O episódio é só um exemplo. O fato é que passando por esse tipo de situação o mundo todo parece uma brincadeira de “Ligue os Pontos”, na qual todos nós estamos por um motivo ou outro conectados. Por mais que vivamos em espaços ou mesmo tempos diferentes, há algo de nós que passará por outro ser humano e, naquele momento, estaremos unidos. Não importa o quão anônimos parecemos, existe um outro anônimo que irá nos encontrar.
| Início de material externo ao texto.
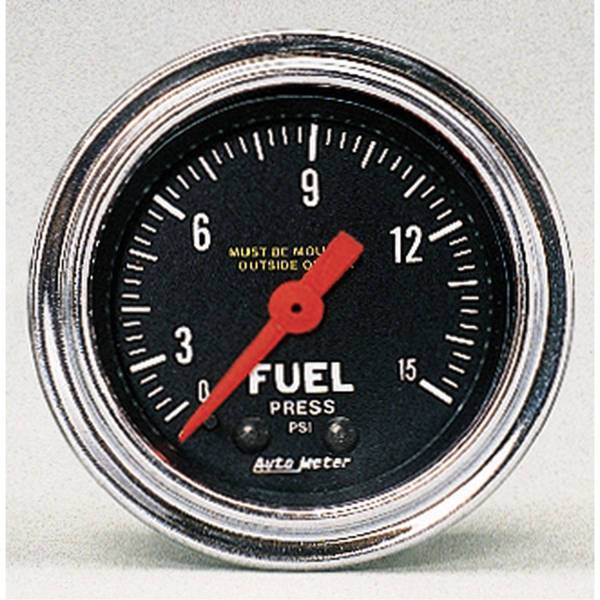 Autometer - AutoMeter GAUGE FUEL PRESSURE 2 1/16in. 15PSI MECHANICAL TRADITIONAL CHROME - 2411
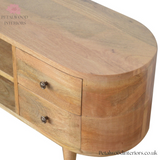 Curved Solid Wood - TV Stand with 4 Drawers and 2 Shelves - Petalwood Interiors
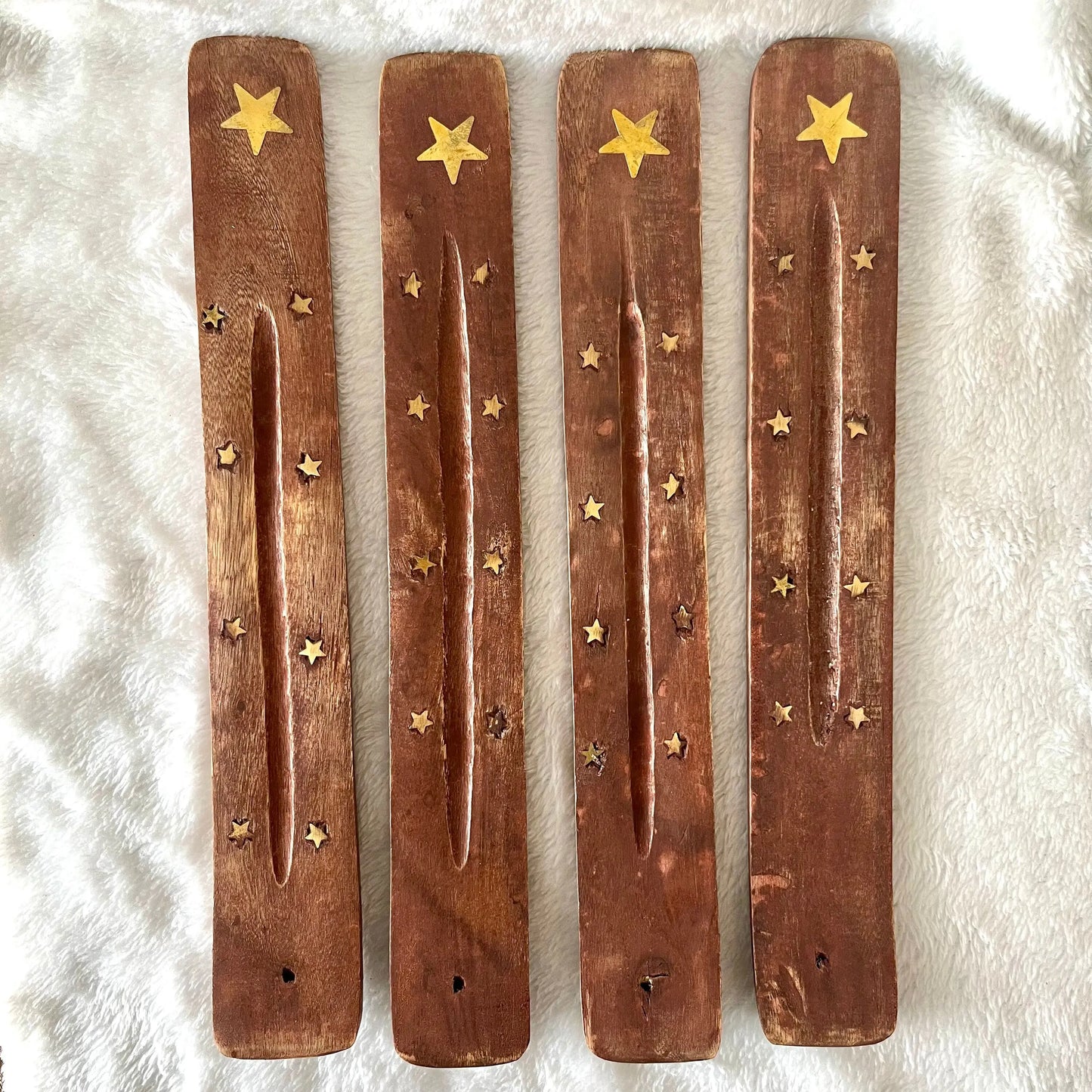 Wooden Incense Tray, Gold Star 1644 Shop Wholesale Crystals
Acredito que esses encontros silenciosos acontecem o tempo inteiro, nesses rastros que deixamos pelo nosso caminho. Documentos, fotos ou objetos que perdemos pelo caminho nos ligam imediatamente a outra pessoa que pegá-los nas mãos. Quando um mexicano e um chinês, por ventura, tropeçarem voltando para casa, exatamente no mesmo momento, mas em fusos horários diferentes, estão unidos em silêncio e anonimamente.

Parece haver uma energia ativa no universo agindo de forma independente de nós, cruzando nossas vidas o tempo todo, possibilitando contato com todos os bilhões de habitantes do mundo, das formas mais bruscas – como o esbarrão que você deu ontem na rua – ou sutis – como o terço que encontrou jogado na calçada – imagináveis. Sendo assim todos os anônimos da humanidade cruzam nosso caminho tanto quanto – ou mais – que os grandes nomes que aprendemos na escola, independente da época em que nasceram ou do lugar do mundo em que se encontram.

No fim das contas estamos todos de braços dados.